Im Rückspiegel: Als Mercedes-Benz das Rotieren lernte
Sportwagenikone und Medienliebling, rollendes Labor für die Entwicklung des Wankelmotors und nicht zuletzt Rekordwagen: Das ist der Mercedes-Benz C 111.
Seine zweite Entwicklungsstufe C 111-II mit der 350 PS (257 kW) starken
Vierscheiben-Ausführung des Rotationskolbenmotors M 950 F (viermal 602
Kubikzentimeter Kammervolumen) wurde auf dem 40. Genfer Automobilsalon
vorgestellt, der heute vor 50 Jahren zu Ende ging.
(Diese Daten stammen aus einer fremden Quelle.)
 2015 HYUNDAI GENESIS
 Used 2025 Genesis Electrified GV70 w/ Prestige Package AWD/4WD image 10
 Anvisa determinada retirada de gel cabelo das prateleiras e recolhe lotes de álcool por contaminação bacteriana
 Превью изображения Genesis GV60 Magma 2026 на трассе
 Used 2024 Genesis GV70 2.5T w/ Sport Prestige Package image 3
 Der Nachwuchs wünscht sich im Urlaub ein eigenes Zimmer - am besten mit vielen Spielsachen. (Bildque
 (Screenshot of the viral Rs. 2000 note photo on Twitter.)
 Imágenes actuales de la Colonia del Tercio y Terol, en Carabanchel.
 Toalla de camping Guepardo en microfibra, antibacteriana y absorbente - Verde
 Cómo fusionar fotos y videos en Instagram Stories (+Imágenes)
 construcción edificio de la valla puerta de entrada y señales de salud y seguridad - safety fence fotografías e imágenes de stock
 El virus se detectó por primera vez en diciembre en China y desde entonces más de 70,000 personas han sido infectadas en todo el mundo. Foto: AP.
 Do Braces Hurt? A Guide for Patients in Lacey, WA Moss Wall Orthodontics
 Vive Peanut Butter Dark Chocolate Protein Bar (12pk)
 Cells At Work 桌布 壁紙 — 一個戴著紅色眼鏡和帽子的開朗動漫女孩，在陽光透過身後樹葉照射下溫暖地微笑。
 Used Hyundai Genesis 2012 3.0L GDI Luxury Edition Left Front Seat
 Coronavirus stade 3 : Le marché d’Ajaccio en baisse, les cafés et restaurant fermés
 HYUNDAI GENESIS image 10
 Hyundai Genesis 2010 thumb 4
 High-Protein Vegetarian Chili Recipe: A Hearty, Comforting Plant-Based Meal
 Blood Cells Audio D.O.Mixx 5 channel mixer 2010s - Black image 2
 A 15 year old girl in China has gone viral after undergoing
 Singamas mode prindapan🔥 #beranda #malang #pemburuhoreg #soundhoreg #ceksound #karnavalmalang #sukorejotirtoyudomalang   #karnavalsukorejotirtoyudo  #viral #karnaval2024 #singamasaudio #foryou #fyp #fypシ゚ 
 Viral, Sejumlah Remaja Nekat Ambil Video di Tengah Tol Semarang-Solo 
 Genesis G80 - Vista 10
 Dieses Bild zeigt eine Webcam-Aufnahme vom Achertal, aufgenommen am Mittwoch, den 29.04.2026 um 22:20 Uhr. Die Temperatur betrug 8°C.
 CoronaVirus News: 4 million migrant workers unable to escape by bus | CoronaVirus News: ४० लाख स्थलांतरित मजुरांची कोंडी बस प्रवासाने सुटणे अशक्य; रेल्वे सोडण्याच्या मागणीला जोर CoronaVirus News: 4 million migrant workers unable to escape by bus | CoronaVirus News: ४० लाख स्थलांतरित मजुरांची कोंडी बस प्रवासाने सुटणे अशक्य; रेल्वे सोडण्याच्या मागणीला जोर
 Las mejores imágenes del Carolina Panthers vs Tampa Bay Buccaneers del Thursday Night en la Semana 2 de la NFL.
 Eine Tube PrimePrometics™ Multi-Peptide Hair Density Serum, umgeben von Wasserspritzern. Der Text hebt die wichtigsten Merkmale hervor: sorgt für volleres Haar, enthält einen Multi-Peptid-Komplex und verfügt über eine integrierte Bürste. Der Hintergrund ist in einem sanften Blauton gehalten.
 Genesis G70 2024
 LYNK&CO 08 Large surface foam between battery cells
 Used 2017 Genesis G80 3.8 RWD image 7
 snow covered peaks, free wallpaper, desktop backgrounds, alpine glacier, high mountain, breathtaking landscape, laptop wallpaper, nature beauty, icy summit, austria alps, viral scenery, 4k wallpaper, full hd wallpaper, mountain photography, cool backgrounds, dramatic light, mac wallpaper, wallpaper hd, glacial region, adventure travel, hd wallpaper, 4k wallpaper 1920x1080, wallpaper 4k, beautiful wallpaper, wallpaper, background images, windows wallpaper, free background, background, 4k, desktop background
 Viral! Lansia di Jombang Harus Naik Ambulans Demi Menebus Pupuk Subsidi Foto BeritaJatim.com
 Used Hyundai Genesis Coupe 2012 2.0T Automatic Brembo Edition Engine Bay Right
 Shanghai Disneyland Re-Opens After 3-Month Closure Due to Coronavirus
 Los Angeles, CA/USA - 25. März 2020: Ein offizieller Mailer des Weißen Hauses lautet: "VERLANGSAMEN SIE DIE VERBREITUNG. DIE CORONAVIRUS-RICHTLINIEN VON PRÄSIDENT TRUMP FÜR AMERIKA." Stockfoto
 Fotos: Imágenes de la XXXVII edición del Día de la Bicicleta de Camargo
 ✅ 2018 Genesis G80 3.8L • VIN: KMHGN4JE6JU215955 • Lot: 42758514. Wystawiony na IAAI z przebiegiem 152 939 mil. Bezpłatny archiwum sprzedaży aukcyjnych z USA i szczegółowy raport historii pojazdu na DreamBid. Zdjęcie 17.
Der 1,12 Meter flache
Flügeltürer besaß eine Karosserie aus glasfaserverstärktem Kunststoff
(GFK), die mit der Rahmenbodenanlage aus Stahlblech verschraubt wurde.
Seine Höchstgeschwindigkeit betrug bis zu 300 km/h.
Mercedes-Benz C 111-II (1970). Foto: Auto-Medienportal.Net/Daimler
Der C 111-II entstand auf Basis des im Herbst 1969 präsentierten C 111.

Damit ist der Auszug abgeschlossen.